## WHAT IS EXPECTED
Leaving the pictures aside, restate all of the data exactly.

## INFORMATION PROVIDED
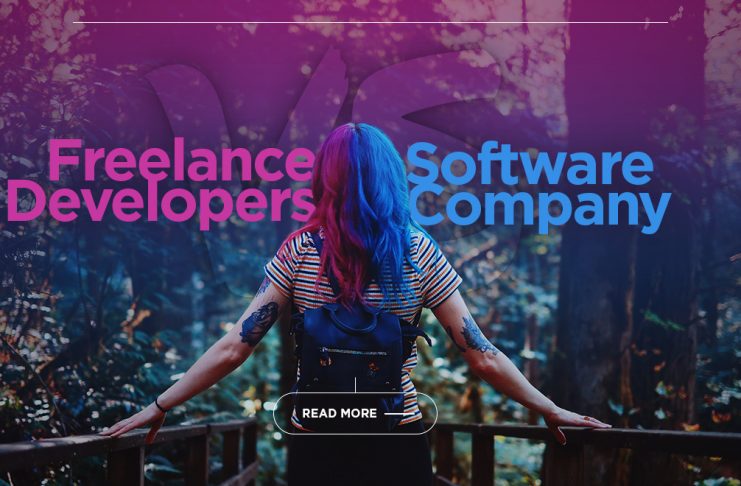 Freelance vs Software Company What should you choose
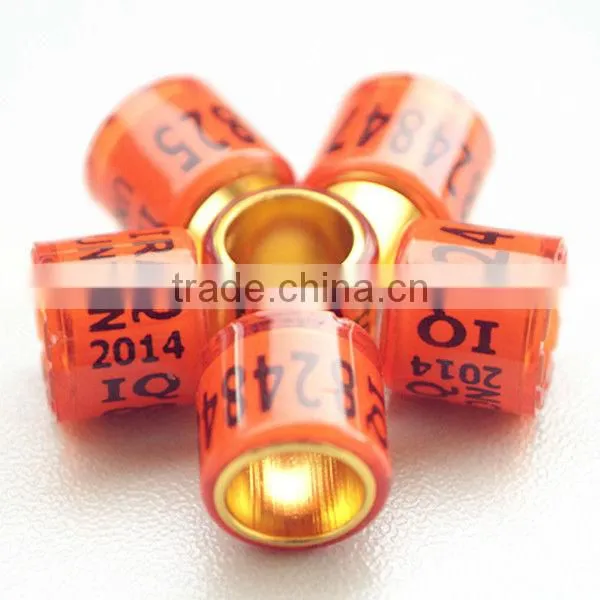 golden-alumium inside coated by transparent red plastic foot rings pigeon
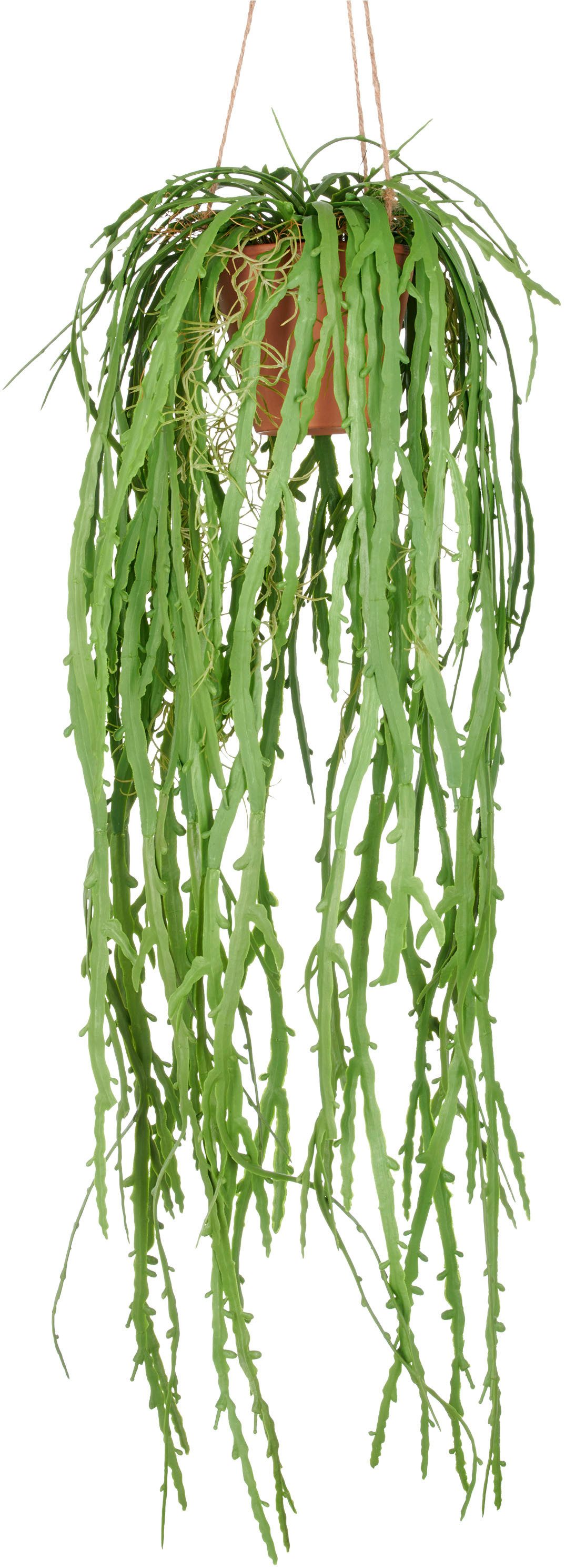 Kunstpflanze Hängende Rhipsalis crispata, Creativ green, Höhe 80 cm, mit za günstig online kaufen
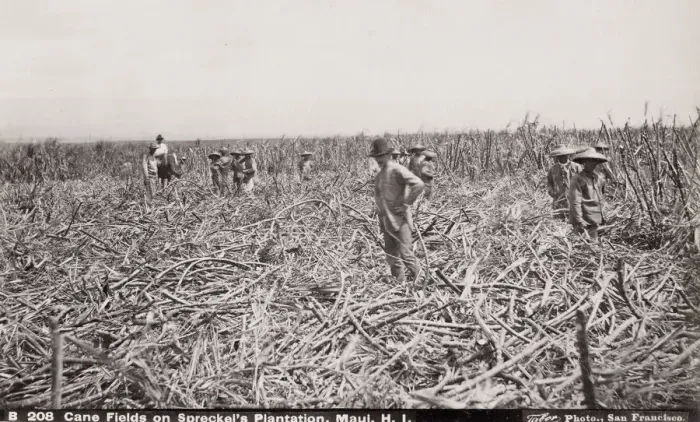 Framed Print : Sugar Cane Fields, workers cutting cane, Maui, Hawaii Framed Print : Sugar Cane Fields, workers cutting cane, Maui, Hawaii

## RESULT FOR THIS EXERCISE
 Freelance vs Software Company What should you choose
 golden-alumium inside coated by transparent red plastic foot rings pigeon
 Kunstpflanze Hängende Rhipsalis crispata, Creativ green, Höhe 80 cm, mit za günstig online kaufen
 Framed Print : Sugar Cane Fields, workers cutting cane, Maui, Hawaii Framed Print : Sugar Cane Fields, workers cutting cane, Maui, Hawaii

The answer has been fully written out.